Issue 21790: Change blocksize in http.client to the value of resource.getpagesize (original) (raw)

Created on 2014-06-17 15:40 by demian.brecht, last changed 2022-04-11 14:58 by admin. This issue is now closed.

Messages (8)

msg220839 - (view)

Author: Demian Brecht (demian.brecht) * (Python triager)

Date: 2014-06-17 15:40

When sending data, the blocksize is currently hardcoded to 8192. It should likely be set to the value of resource.getpagesize().

msg220887 - (view)

Author: PCManticore (Claudiu.Popa) * (Python triager)

Date: 2014-06-17 20:47

resource module is available only on Unix.

msg221093 - (view)

Author: Demian Brecht (demian.brecht) * (Python triager)

Date: 2014-06-20 14:49

Updated to mmap.PAGESIZE, which seems to be available on all systems.

msg221095 - (view)

Author: STINNER Victor (vstinner) * (Python committer)

Date: 2014-06-20 15:03

When sending data, the blocksize is currently hardcoded to 8192.

Yeah, same value for io.DEFAULT_BUFFER_SIZE.

It should likely be set to the value of resource.getpagesize().

Could you please elaborate? A page size is 4096 bytes on my Linux. So your page double the number of calls to read(), right?

shutil.copyfileobj() uses a buffer of 16 KB by default.

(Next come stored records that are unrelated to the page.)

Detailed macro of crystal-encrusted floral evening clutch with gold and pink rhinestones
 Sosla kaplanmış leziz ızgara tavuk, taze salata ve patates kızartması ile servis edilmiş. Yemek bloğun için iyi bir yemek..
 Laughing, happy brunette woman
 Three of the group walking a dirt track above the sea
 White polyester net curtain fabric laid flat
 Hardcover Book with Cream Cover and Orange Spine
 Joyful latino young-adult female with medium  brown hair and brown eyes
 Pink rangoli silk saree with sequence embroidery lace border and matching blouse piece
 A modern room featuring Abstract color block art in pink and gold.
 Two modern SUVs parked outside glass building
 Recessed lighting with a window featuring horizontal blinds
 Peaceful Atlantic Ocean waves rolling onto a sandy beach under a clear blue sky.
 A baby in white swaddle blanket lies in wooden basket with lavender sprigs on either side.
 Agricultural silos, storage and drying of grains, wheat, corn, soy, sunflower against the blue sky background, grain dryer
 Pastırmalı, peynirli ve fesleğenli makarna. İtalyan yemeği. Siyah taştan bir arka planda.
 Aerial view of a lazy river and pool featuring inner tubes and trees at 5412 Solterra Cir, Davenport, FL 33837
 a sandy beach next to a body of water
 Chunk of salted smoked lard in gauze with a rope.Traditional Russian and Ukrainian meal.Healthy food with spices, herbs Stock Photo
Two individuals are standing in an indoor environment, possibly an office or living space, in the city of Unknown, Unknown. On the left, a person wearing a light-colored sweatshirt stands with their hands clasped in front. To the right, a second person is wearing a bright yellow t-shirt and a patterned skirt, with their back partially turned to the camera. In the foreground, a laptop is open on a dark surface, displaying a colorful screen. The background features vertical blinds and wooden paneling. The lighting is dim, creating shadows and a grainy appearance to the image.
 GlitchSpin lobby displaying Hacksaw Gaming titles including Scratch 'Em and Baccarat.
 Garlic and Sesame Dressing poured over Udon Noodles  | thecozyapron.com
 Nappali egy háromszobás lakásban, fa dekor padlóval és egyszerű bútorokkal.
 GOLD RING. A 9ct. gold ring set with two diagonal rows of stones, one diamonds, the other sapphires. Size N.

See also the issue #21679 which adds a private copy of the stat().st_blksize attribute in a FileIO object.

msg221120 - (view)

Author: Demian Brecht (demian.brecht) * (Python triager)

Date: 2014-06-20 19:56

I very well could be missing something here (and, admittedly, my OS knowledge is rusty at best), but for the most part, page sizes are 4096, except for SPARC, which is 8192.

So your page double the number of calls to read(), right?

No. read() is called until EOF. I'm assuming that 8192 may have been used to accommodate worst case architecture?

I'd have to dig through the C side of things (which I haven't done yet) to see what's going on down at that level, but my assumption is that it's allocating 8192 bytes for each read. Should EOF be reached with <= 1 page filled, it'd result in a wasted page.

Far from the end of the world, but just something I noticed in passing.

msg292688 - (view)

Author: Clay Gerrard (Clay Gerrard)

Date: 2017-05-01 18:13

I don't think the default is bad/wrong so much as it's an inflexible magic number.

I think blocksize should be parameterized as an attribute on the connection - or at least a class attribute or module level constant so we can monkey patch it without having to create a subclass and redefine the entire send method (!?).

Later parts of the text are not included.